Great was the consternation. "I suppose," wrote President Woolsey, 150 years later, "that greater alarm would scarcely be awakened now, if the Theological Faculty of Yale were to declare for the Church of Rome, avow their belief in transubstantiation and pray to the Virgin Mary." In 1723, the Churchmen petitioned the town for leave to erect a church, which petition the town "found clothed with great difficulty."

Timbers, however, were prepared for raising on Meeting House Hill, and one dark night they were drawn to the foot of the hill--the site of the church burying ground--and there the church was erected with its "Sabba-day House" near by for the midday rest, refreshment, and interchange of ideas, spiritual and temporal. Meantime, Rev. Mr. Johnson had been stationed at Stratford, and under him the first church building in Connecticut was completed and opened for service on Christmas day, 1723. In 1724, wardens and vestry were chosen for Stratford, Fairfield, Newtown, and Ripton (now Huntington)--two wardens for the home parish and one for each of the other towns. Notwithstanding the organization of Fairfield as a distinct parish, "so mightily grew the Church of God and prevailed" that a larger edifice was necessary, and in 1743 measures were taken to erect a more commodious building and a sum representing about $10,000 was subscribed for that purpose. The church was opened July 8, 1744. The weathercock was placed in position at this time and our famous rooster," bearing scars inflicted by British soldiery, has faced the tempest to this day. About this time a clock was placed in the tower. The bell was the gift of the Rector, Dr. Johnson, was cast in Fairfield and cost 300 pounds. For five generations it has summoned the people to worship, added its jubilant tones to those of the general rejoicing over the news of the Declaration of Independence, rung Its benediction over those "whom God had joined together," and tolled a requiem for those "departed hence in the Lord," and to-day is a priceless possession of the old parish.

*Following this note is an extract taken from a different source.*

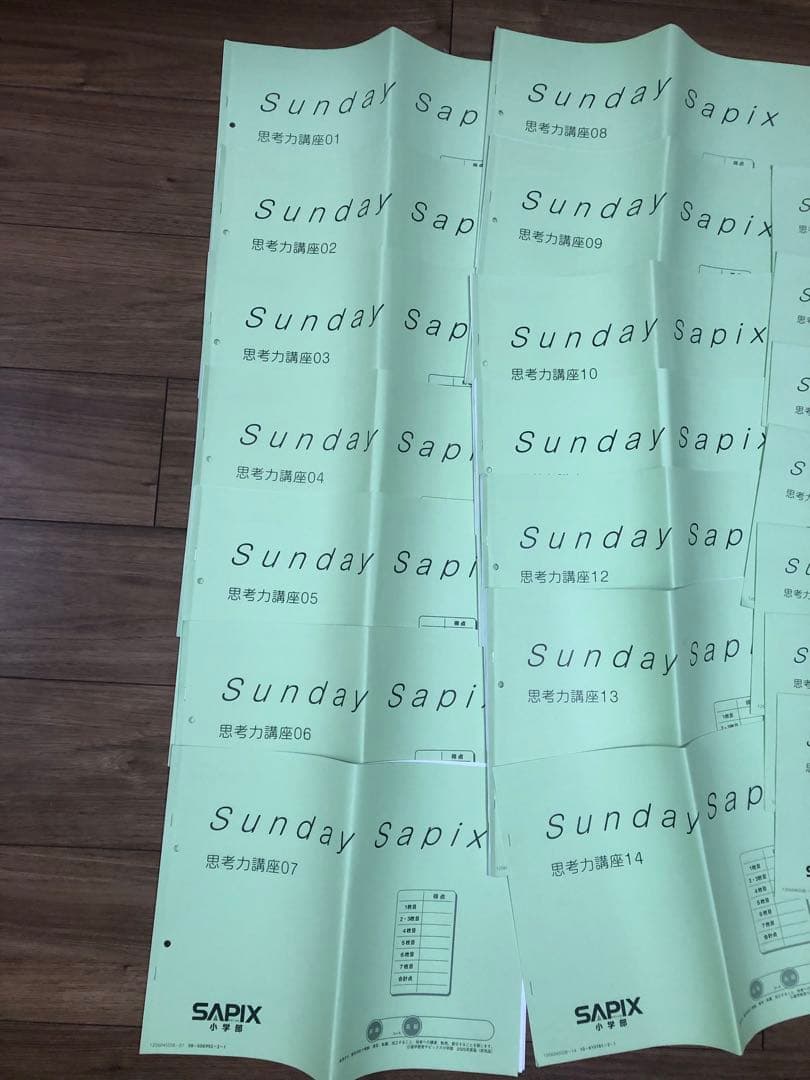 最新　2025年度　Sunday Sapix思考力講座14回分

In 1754, Dr. Johnson, having been chosen the first President of King's (now Columbia) College, N. Y., resigned the parish and was succeeded by Rev. Edward Winslow. The only clergyman for some years in the State, finding but one parish organized and no church building completed, Dr. Johnson left ten or eleven clergy and twenty-five small churches; justly has he been termed "the Father of Episcopacy in Connecticut."

An agreement was made in 1756 with Mr. Gilbert Delbois of Boston, Mass., for the purchase of an organ, costing sixty pounds and "payable in six annual payments without demand of interest." The organ was the first instrument of its kind in a place of public worship in Connecticut. So good was its construction, that it was used till 1879, a period of almost 125 years. In 1766, Dr. Johnson, who had resigned the presidency of King's College and was living at his home at Stratford, again took charge; four years later Mr. Kneeland, a son-in-law, was chosen assistant to the venerable Rector and succeeded him when Dr. Johnson passed to his rest in 1772, just as the clouds of the Revolution were gathering ominously. When the storm broke, came troublous times for the ministers of the Church, who were bound by an oath of allegiance to loyalty to the king. Having prayed so long for our "excellent King George," they found it difficult to leave off the familiar supplication. In Stratford Church, the old prayers were cut short by an arbitrary patriot who had no notion of uttering "Amen" to such heresies. On the Sunday after the battle of Lexington, when the prayer was read for the royal family, Mr. Benjamin rose in his pew and declared no such prayer must be uttered in Stratford--that the name of George III. was the name of the worst enemy of every one in the colony. Mr. Kneeland closed his Prayer Book, rose from his knees, pronounced the benediction, and the church was closed till the end of the war, the Rector dying in 1777. After the consecration of the Rev. Dr. Samuel Seabury, his first Episcopal visitation, and hence the first administration of the rite of confirmation in America, was in the historic church at Stratford.